When asked to rate the support they received as a female employee, respondents in a joint Microsoft and womenintechnology.co.uk survey saw HR departments as the least supportive area, with only 39 per cent rating them as good or excellent.
Over a quarter of respondents rated HR departments less than 'ok', as opposed to 19 per cent for line managers and bosses, 11 per cent for colleagues and 17 per cent for juniors.
This compares poorly with other groups such as line management (47 per cent); direct boss (57 per cent); colleagues (60 per cent) and juniors (51 per cent).
Many respondents were also aggrieved by the lack of focus on female worker issues: "A lot of effort goes into training graduates, none into refreshing women returners skills," said one respondent, while another commented: "Although my company supplied a basketball court, they didn't supply a crèche. When the issue was raised at a company meeting, it was not well received."

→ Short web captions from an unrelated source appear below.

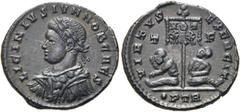 RÖMER RÖMISCHE KAISERZEIT. Licinius II., 315 - 324 n. Chr. AE Follis ø 19mm (2,67g). 320 - 321 n. Chr. Mzst. Treveris. Vs.: LICINIVS IVN NOB CAES, drapierte Panzerbüste mit Lorbeerkranz n. l. Rs.: VIR
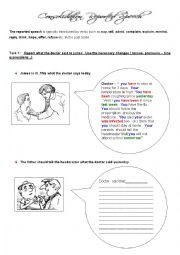 English Worksheet: The reported speech +   the compound adjectives  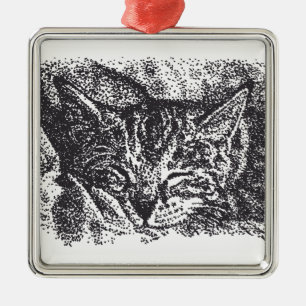 Niedliche Schlafkatze Zeichnend Ornament Aus Metall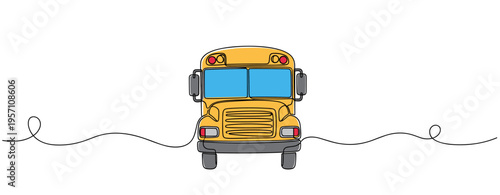 Yellow school bus front view centered on white background. no editable strokes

Commenting on the results, Maggie Berry, director of womenintechnology.co.uk, said: "It's all very well for HR departments to have diversity policies in place but this has to be more than just ticking boxes. Almost two thirds of respondents to our survey claimed that the content of a prospective employer's diversity policy would be an 'important factor' in their decision whether to join.
"Obviously all parents should have access to flexible working and other benefits, but what came out of some of the comments in our survey was that there is a perception that women who take advantage of these policies or benefits would be seen as 'weak'. Consequently HR departments need to adopt a universal approach and encourage more male uptake which would avoid damaging womens' 'brand' within an organisation."